2020 yılında tüm ülkeye yayılan covid-19 ve geçtiğimiz ay yaşadığımız deprem felaketi sonrası, uzaktan eğitime geçilmesi ile birlikte; bir nesil adeta hiç üniversite binasına girmeden diploma aldı, alacak. Uzaktan eğitim, üniversitelere sadece laboratuvar, atölye gibi uygulama ağırlıklı konuların işlenmesinde sıkıntılar getirmedi. Bir neslin adeta en güzel çağlarını da çaldı. Çünkü üniversiteler sadece ders dinlenilen, mezun olup sonrasında mesleğe başlanılan yerler değildir. Üniversiteler, gençlerin hayatlarının en önemli ve güzel dönemlerini yaşadığı; ülkenin her yerinden belli bir seviye üzerinde eğitime sahip olan insanlarla tanışıp sosyalleştikleri, iletişim kurmayı, sorgulamayı, tartışmayı öğrendikleri yerlerdir. Bilgisayar ekranında, uzaktan eğitimle bu kazanımlar edinilemez. Gençler ekip çalışmasını uzaktan öğrenemezler, deneyimlemeleri gerekir. Üniversite arkadaşı olmadan mezun olan öğrenciler olacak bu dönemde. Gerçi ülkenin cumhurbaşkanının da üniversite arkadaşı olduğunu söyleyen biri çıkmadı henüz. Halbuki üniversitede geçen zaman ve kampüs hayatı; gençlerin olgunlaşması, sosyalleşmesi, iletişim kurmayı öğrenmesi açısından çok önemlidir. Dinlemeyi, eleştirmeyi sorgulamayı öğrenirler üniversitede.
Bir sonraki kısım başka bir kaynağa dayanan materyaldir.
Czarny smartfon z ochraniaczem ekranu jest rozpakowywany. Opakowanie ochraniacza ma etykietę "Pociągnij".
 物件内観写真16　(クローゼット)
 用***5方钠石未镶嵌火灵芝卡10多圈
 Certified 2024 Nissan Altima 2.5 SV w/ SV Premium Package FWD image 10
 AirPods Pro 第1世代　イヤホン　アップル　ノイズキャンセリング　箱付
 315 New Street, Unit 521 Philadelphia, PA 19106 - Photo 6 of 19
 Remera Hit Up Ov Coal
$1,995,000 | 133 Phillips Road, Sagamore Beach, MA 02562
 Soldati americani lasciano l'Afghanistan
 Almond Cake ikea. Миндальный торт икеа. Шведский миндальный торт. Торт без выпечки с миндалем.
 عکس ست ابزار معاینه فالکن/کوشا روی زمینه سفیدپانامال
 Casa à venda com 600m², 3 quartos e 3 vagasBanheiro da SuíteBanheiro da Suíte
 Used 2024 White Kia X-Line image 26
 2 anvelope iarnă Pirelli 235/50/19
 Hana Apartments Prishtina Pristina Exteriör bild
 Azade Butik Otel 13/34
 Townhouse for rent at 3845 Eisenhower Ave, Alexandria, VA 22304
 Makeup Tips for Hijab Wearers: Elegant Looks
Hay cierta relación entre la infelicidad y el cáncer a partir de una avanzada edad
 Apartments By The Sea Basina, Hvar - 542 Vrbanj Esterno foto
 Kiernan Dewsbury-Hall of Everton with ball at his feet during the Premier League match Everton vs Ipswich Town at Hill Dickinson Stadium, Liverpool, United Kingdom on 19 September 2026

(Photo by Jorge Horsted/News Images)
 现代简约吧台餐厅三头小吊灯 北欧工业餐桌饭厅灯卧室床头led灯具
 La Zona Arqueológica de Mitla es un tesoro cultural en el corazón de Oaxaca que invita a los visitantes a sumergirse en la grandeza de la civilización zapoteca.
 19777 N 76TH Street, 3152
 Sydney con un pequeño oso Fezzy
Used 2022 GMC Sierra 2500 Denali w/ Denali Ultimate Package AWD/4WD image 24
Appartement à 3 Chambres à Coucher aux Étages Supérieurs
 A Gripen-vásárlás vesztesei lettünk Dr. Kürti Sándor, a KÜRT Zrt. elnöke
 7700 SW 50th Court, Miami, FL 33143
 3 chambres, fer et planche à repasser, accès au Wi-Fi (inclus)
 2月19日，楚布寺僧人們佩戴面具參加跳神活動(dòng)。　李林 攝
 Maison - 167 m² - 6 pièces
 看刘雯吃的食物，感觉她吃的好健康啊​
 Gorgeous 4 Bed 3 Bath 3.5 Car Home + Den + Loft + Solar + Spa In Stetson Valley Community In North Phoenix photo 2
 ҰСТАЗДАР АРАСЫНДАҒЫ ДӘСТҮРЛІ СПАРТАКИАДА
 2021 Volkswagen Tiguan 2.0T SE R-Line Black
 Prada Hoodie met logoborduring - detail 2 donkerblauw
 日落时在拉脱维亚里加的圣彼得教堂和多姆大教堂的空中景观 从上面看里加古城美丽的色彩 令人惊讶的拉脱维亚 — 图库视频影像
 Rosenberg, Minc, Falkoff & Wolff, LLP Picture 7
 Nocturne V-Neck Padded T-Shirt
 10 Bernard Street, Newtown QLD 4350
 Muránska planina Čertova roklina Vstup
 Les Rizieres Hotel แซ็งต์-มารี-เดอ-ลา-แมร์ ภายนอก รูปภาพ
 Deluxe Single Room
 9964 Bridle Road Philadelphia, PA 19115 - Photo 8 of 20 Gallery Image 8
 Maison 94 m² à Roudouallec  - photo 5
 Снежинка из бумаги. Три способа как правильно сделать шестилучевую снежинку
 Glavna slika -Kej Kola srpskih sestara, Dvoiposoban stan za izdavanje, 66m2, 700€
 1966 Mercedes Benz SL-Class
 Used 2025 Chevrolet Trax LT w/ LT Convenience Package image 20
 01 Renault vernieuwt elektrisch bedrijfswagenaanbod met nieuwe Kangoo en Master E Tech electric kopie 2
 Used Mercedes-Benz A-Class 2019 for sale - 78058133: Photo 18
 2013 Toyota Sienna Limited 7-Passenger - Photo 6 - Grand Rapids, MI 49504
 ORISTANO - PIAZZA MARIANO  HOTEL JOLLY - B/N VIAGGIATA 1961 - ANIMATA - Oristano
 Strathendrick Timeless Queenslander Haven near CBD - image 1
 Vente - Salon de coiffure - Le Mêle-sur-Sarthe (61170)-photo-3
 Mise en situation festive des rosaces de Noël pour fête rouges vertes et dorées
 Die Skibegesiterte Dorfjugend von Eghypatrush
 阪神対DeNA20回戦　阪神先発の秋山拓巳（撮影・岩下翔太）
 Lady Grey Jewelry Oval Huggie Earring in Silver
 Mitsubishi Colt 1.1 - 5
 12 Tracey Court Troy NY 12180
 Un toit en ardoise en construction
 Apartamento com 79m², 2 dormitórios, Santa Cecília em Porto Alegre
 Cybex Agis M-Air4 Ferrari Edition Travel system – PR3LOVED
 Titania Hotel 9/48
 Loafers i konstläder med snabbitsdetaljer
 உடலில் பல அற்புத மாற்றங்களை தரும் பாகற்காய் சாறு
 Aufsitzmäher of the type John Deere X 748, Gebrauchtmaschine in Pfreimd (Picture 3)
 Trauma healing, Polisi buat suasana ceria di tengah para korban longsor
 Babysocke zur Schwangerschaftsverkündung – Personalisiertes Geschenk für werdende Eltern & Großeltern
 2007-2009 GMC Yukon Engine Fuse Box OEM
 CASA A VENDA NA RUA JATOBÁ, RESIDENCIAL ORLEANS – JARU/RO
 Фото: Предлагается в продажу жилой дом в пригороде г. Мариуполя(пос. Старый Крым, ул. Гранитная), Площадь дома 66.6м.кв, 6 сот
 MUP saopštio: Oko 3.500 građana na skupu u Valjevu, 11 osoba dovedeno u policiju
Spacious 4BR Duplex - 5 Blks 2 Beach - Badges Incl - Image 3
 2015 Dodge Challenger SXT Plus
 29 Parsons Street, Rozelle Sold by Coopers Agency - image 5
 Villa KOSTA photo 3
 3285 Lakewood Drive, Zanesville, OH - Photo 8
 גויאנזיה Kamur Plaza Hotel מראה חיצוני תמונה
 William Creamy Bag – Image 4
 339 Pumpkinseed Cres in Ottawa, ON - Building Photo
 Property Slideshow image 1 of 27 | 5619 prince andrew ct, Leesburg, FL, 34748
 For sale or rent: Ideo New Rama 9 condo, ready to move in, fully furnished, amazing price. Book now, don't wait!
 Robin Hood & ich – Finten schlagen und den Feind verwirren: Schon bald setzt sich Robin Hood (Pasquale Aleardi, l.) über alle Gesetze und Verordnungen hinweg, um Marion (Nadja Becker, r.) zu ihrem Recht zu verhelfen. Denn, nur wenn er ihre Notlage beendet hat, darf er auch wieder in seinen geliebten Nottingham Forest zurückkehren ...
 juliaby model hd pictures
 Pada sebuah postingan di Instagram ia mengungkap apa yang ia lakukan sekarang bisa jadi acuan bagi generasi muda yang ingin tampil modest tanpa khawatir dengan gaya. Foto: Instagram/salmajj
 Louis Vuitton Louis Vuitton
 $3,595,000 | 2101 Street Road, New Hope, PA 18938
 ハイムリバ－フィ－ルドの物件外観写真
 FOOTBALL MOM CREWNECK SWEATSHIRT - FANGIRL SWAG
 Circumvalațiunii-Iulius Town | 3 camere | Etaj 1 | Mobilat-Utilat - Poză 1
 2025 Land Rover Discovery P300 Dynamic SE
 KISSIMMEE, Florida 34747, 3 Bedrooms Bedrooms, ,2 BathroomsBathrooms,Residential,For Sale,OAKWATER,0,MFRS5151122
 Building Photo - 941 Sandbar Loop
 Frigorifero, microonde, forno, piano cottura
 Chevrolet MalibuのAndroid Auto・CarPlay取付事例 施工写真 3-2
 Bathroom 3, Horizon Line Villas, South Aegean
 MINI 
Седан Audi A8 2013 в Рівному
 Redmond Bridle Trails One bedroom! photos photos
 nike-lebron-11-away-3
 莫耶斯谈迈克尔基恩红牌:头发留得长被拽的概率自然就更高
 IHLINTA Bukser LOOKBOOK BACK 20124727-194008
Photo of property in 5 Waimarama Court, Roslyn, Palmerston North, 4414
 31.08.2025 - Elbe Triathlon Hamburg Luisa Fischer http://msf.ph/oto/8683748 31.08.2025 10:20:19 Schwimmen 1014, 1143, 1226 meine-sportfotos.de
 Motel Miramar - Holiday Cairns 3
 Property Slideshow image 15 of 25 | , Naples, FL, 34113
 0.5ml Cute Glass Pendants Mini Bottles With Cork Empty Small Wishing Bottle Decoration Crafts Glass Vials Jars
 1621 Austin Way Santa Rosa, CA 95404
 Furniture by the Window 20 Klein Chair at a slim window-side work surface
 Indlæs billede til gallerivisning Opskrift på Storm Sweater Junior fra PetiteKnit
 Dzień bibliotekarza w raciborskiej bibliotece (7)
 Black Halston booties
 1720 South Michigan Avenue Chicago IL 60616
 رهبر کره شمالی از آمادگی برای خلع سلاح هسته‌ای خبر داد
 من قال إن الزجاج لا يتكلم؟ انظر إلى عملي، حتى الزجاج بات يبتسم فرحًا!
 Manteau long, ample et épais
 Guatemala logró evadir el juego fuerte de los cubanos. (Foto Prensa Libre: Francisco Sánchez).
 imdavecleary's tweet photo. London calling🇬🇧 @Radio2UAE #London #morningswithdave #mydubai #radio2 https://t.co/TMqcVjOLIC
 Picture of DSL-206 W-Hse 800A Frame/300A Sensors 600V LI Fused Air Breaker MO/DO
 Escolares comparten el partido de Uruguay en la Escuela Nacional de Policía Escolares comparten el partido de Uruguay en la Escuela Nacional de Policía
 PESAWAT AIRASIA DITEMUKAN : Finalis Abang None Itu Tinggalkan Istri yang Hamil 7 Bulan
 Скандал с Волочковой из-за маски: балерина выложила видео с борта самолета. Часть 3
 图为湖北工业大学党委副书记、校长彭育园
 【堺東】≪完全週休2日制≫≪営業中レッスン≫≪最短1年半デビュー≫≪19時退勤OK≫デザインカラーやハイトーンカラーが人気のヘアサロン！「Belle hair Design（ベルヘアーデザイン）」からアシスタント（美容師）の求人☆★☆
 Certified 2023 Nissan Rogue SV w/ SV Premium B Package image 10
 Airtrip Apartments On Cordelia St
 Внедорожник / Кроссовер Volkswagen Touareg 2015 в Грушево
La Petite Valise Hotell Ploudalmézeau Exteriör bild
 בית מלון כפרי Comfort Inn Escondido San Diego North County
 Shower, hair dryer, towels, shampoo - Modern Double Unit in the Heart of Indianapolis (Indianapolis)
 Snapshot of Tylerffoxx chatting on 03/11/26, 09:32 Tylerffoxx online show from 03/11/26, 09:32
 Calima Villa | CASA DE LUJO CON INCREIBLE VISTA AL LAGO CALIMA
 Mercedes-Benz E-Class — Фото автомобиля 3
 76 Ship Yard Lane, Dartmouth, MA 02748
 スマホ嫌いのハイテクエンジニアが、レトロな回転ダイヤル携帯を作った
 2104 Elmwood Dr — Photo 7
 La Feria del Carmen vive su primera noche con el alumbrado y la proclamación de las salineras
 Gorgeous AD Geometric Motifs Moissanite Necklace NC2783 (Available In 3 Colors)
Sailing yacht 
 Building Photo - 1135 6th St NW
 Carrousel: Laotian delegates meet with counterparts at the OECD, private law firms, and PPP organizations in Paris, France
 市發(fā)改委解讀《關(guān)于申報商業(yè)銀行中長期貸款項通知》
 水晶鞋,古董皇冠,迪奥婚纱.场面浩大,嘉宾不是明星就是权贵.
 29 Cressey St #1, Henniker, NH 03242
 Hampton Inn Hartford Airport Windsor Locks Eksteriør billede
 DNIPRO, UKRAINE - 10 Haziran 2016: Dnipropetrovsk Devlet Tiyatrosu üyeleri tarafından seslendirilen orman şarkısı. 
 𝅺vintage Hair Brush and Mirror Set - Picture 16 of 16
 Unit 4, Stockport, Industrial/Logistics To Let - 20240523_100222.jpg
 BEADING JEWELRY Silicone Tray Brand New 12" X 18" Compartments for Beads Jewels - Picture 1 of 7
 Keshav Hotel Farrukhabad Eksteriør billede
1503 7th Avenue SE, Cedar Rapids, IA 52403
Fakat bunca şeye rağmen, her olumsuz durumda ilk olarak üniversiteler feda ediliyor,edildi. Çünkü bilime, eğitime karşı bir zihniyet tarafından yönetiliyoruz. Düşünen, sorgulayan gençlerin çoğalmasını istemiyorlar. Kendi yaşayamadıkları şeyleri başkaları yaşasın da istemiyorlar. Sanata, müziğe , eğlenceye, olan düşmanlıkları da bu yüzden. Bu baskı ve kısıtlamalar, ülkenin her noktasına yaymak istedikleri cehalete hizmet ediyor. Bağnaz, gerici kafa yapılarının ülkenin en özgürlükçü ve eleştiren kurumlarından, en ücra sokağındaki insanına kadar her yere yayılması için uğraşıyorlar. Küçük ve emin adımlarla yıllardır bu amaç için savaş verdiler, veriyorlar. Bizler ise, suyu yavaş yavaş ısıtılan kurbağa misali kaynama noktasına geldik ama hala tam olarak neler yitirdiğimizi farkedebilmiş değiliz.